Using paper and pen is a powerful note-taking technique. Studies have shown information is easier to recall when we engage our hands in the note-taking process. The problem is finding specific information at a later date.

I am sure you have had the same experience that I have had in finding specific information that is stored in your hand-written notes. Pulling down from the shelf one notebook after another in search of what you are looking for is a frustrating experience.

There is an effortless way to making retrieving of information a snap, and that is to use a scanner.

I am not referring to the scanner feature in your printer. The scanning process is slow, and sending it to your computer can result in frustration at the highest level.

I am suggesting using a dedicated scanner such as the ones made by Fujitsu, or better yet, a scanning app on your smartphone or tablet.

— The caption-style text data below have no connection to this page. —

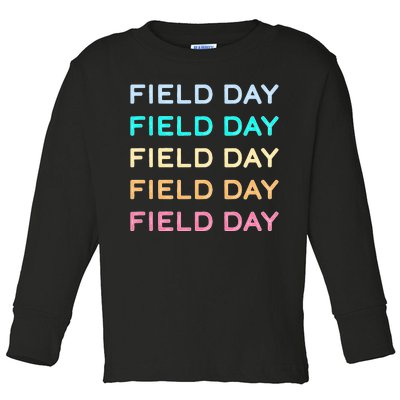 Field Day Ya'll Toddler Long Sleeve Shirt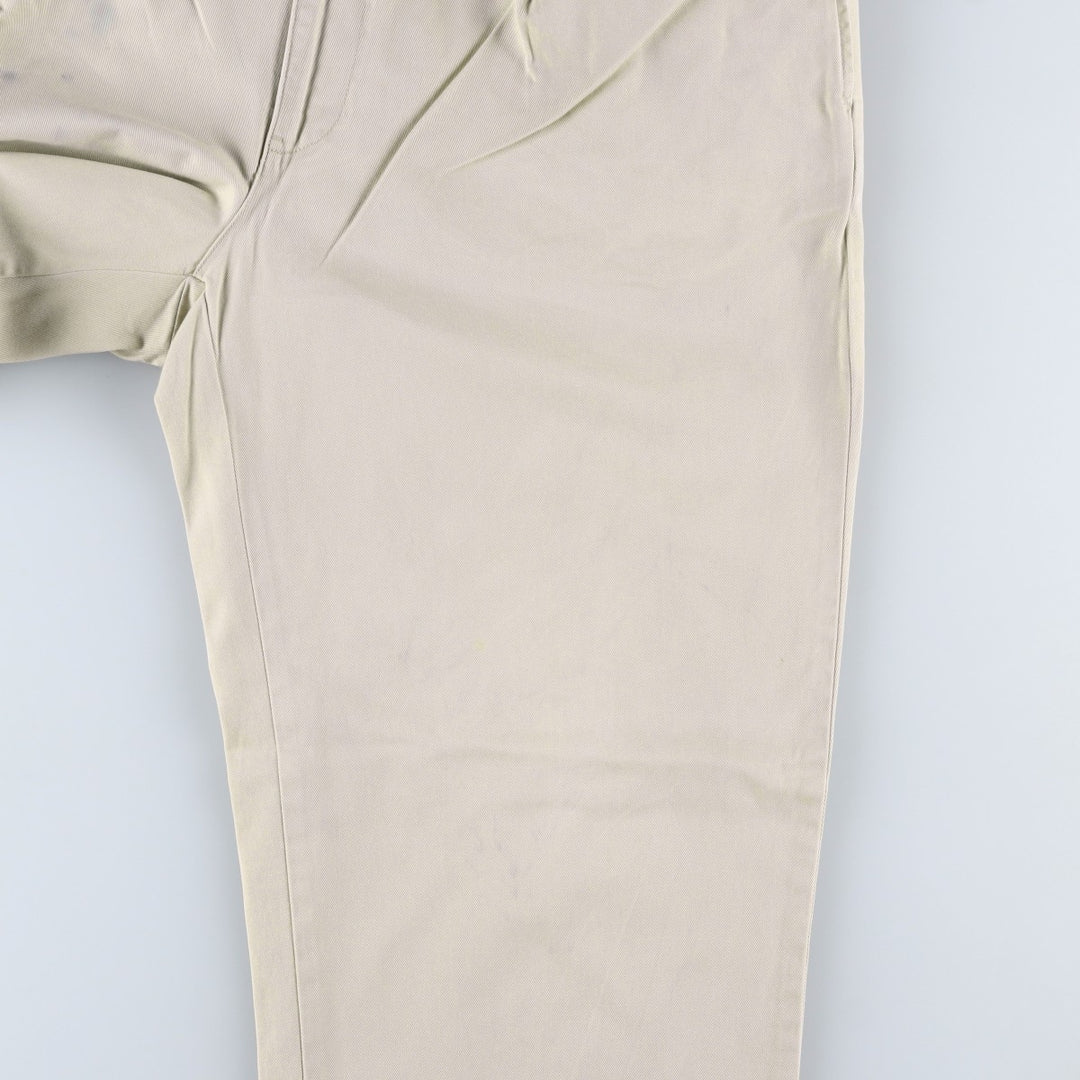 Ralph Lauren POLO RALPH LAUREN HAMMOND PANT, two-pleat chino pants, men's size W37 cotton Beige type Vintage Second Hand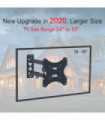 LEADZM 26-50" Adjustable Wall Mount Bracket Rotatable TV Stand TMX200 with Spirit Level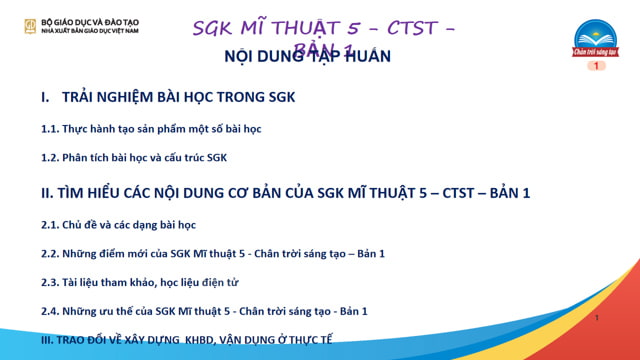 Tài liệu tập huấn môn Mĩ thuật lớp 5 bộ sách Kết nối tri thức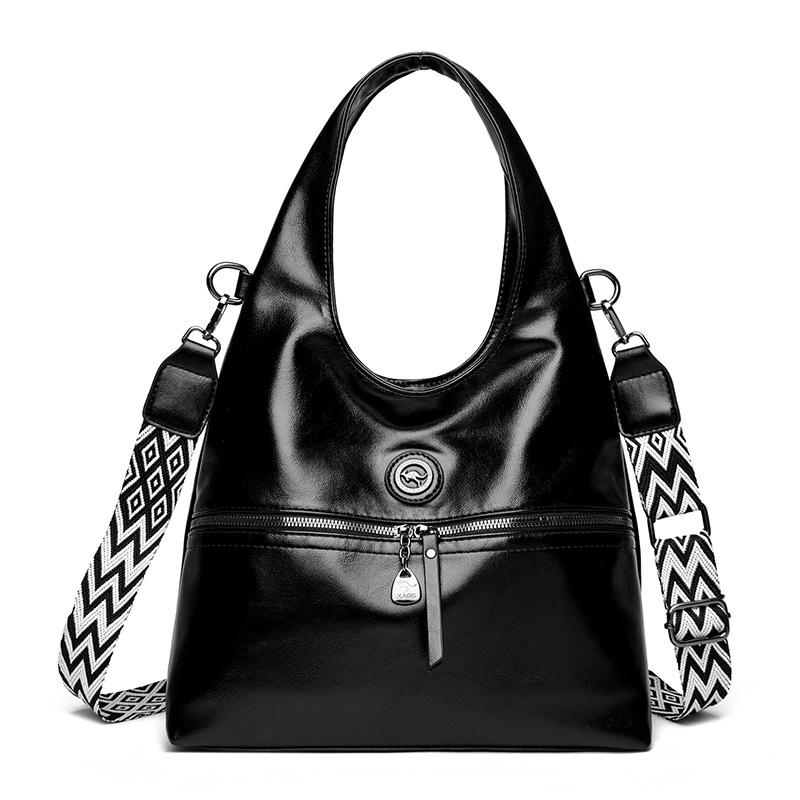 Tote Bag Simple and Stylish Shoulder Bag High-grade Soft Leather Pu Light Luxury Handbag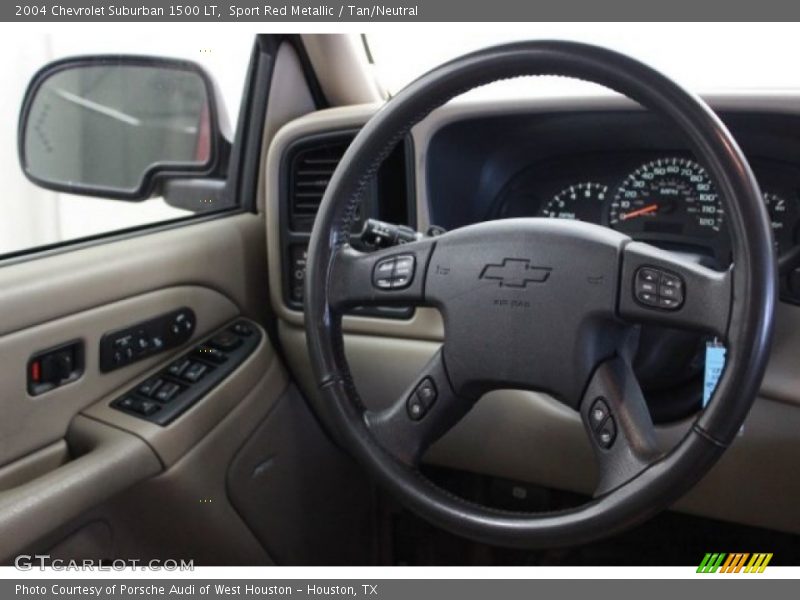 Sport Red Metallic / Tan/Neutral 2004 Chevrolet Suburban 1500 LT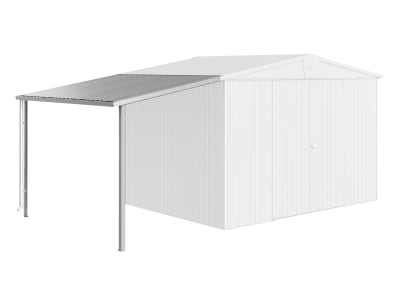 Biohort Seitendach 3.4 m²  150 x 228 cm silber; metallic  für Gerätehaus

An excellent dedicated scanner can run $150 and up. While a scanning app starts at free and is rarely over $10.

On the free side is Scannable made by Evernote and will send your scanned note directly to Evernote. For this, to work, you obviously need to have Evernote, which has a free version. Scannable can be used with Android and Apple devices.

Genius Scan is another excellent app for Apple and Android. It will create a PDF version of your hand-written notes and then send the files to a service of your choice, such as Evernote, Dropbox and etc.

There is also Scanner Pro for Apple. It will scan your notes, and like Genius Scan, send the file to a place of your choice.

Whenever I discuss using scanning apps on a smartphone, I am asked, “Why not just take a picture of the notes since you are using the camera on the phone anyway?”

Scanning apps are programmed to take great photos of documents only. Rather than taking a picture of the surface, the note is lying on and the note. Scanning apps will automatically zero-in on only the document, then proceed to add filters automatically, so the scanned document looks like it was run through a copying machine. Another benefit is the app can save the document as a PDF, JPEG, or other formats. Also, the app can make the document searchable, and that is the key benefit of using the app.

Another Hand-writing Method

There is another medium for taking hand-written notes – a tablet. A tablet, stylus, and an app for taking notes are all you need to facilitate the retrieval of information quick and easy. These apps can index your hand-writing, or if you prefer, convert your hand-written notes to text. Another benefit is sharing your notes with someone else is a simple matter of copying and pasting.

Goodnotes and Notability are two excellent apps for Apple devices. For Android, Lecture Notes, and INKredible come highly recommended. In full disclosure, I do not have an Android tablet, and so I have not been able to test the apps.

Best Practice for Pen and Paper

After the conference, using your smartphone, scan the notes, then transfer the scanned copies to Evernote as a JPEG (or PDF). Evernote will make then make the scanned copy searchable. Tag the notes “GC” for general conference. In addition, Evernote can create a link to the document which can then be pasted into the Gospel Library.

You may want to paste the link in a note linked to a scripture in the Gospel Library because the speaker made a powerful statement about that verse.

In the end, your notes will be searchable, and instead of taking hours to find a note, it will take a few seconds.